From Bureaucracy to HumanocracyAs BCG suggested, the companies that will win in the 2020ies are those who can “compete on learning”. From a paradigm of “scalable efficiency” that has dominated our businesses since the industrial revolution we need to transition to a new world of “scalable learning” and development. From competitive to “adaptive advantage” – yes, its ok not to be perfect – and from closed systems to boundaryless ecosystems.
The simple truth is that our world has become too complex to be controlled through bureaucracy. We cannot “stand on a mountain top and preach strategy down the hills” to achieve successful execution. Today, in order to thrive, we need to embrace uncertainty and maximise human flourishing at work, rather than just driving efficiency and productivity.

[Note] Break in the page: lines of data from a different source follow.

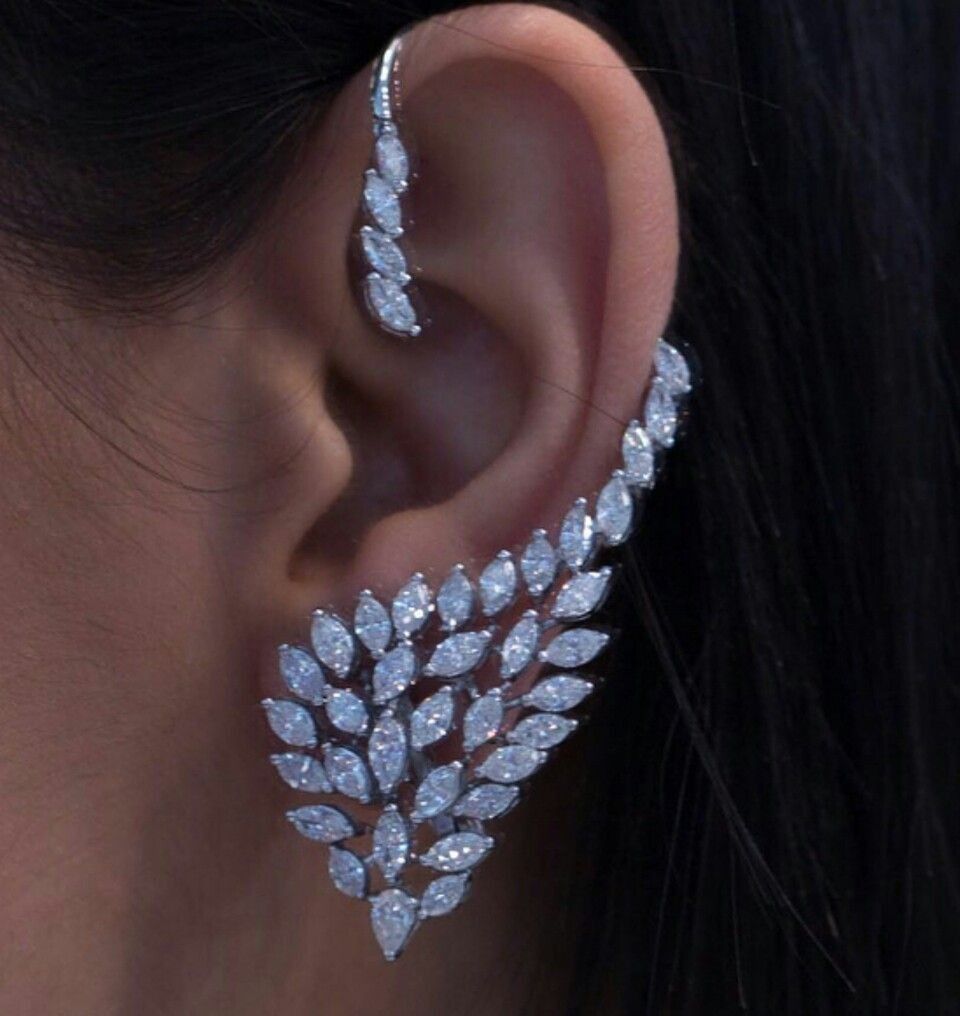 Серьги клаймберы золотые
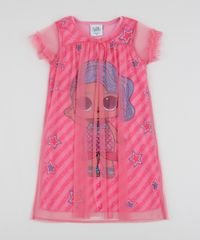 Camisola-Infantil-LOL-Surprise-com-Tule-Manga-Curta-Rosa-9936600-Rosa_1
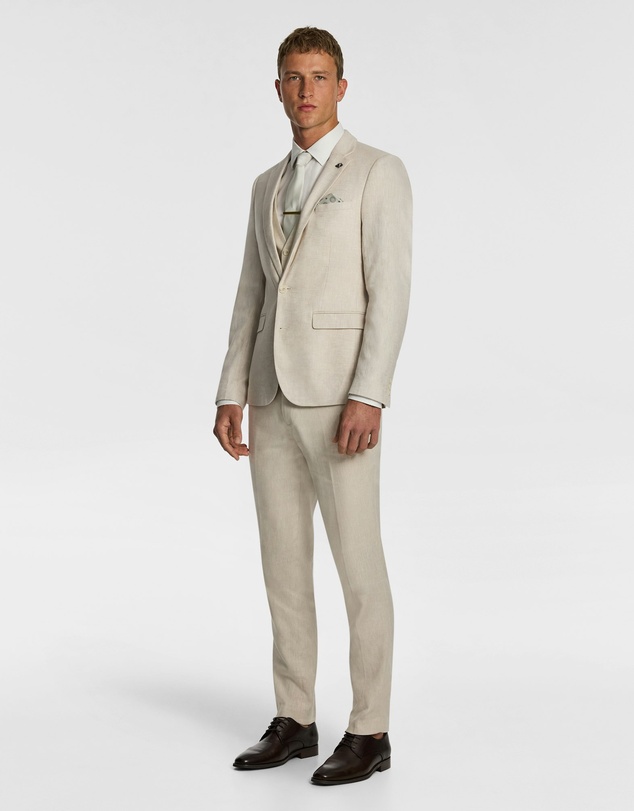 yd. - Carter Stretch Linen Blend Slim Suit Jacket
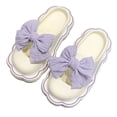 thumbnail image 1 of Pantuflas con lazo para mujer, Pantuflas con lazo para mujer, Pantuflas antideslizantes, Pantuflas de playa, Tecnología innovadora, 1 of 9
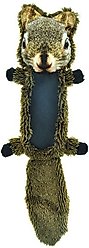 FurRealz Flattie Ballistic Belly Squirrel Dog Chew Toy, 18-in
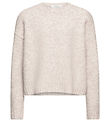 Rosemunde Blouse - Knitted - Wool - Oat Melange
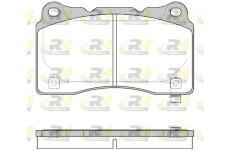 Sada brzdových destiček, kotoučová brzda ROADHOUSE 2666.24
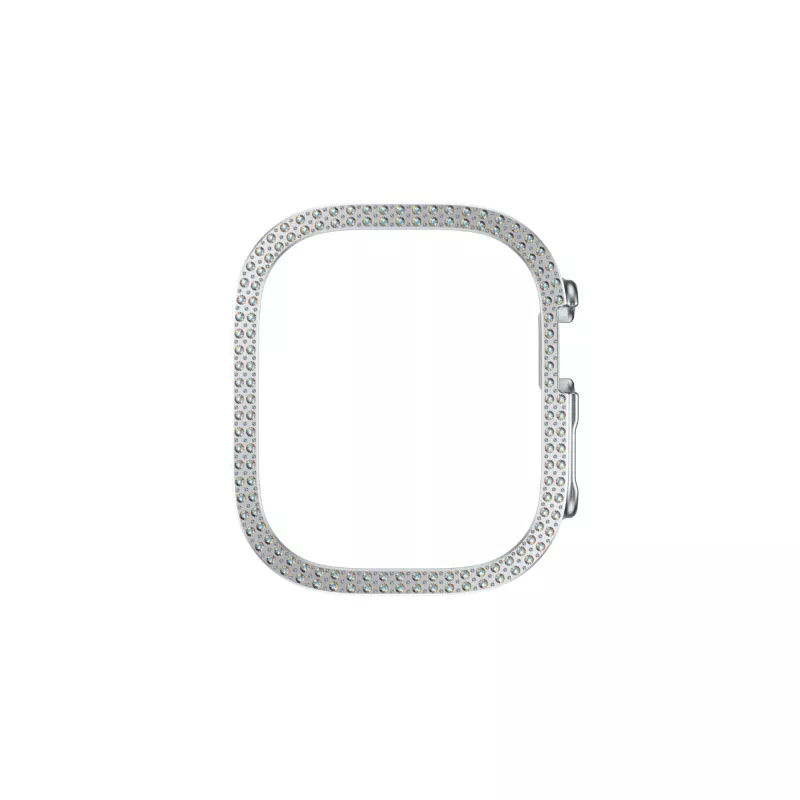 SAFE by PanzerGlass Bling Bumper SAFE95911 capa para Apple Watch Ultra / Ultra 2 / Ultra 3, prateada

Hence, liberated organisations of the future must harness ideas from everywhere and create an environment where people can and want to make a difference. Tearing down ivory towers and replacing our traditional hierarchies with increasingly fluid and modular structures — moving from centralised and “extractive” to regenerative and “distributive” designs.
I am convinced that going forward we must revise our paradigms: instead of optimising organisations as “deterministic machines”, analytically dividing information and power and specialising, we need to start acknowledging organisations as complex developmental systems, as “living organism” with minds and hearts and souls. Where wonder and love have their place as much as science and efficiency. Where deep emotional bonds of community and trust prevail and where individuals and teams experience and develop together, not only learning within the structure, but also continuously adapting the structure itself. Where influence and authority is different from rank and position and where employees have freedom to experiment – and where many more people become their “own CEOs”.
Yet, more than structures, methodologies or tools, the difference lies in core principles. In Humanocracies, “the business of business is people.” We cannot resolve the future of work with utilitarian thinking, just as we cannot understand quantum physics with Newtonian principles.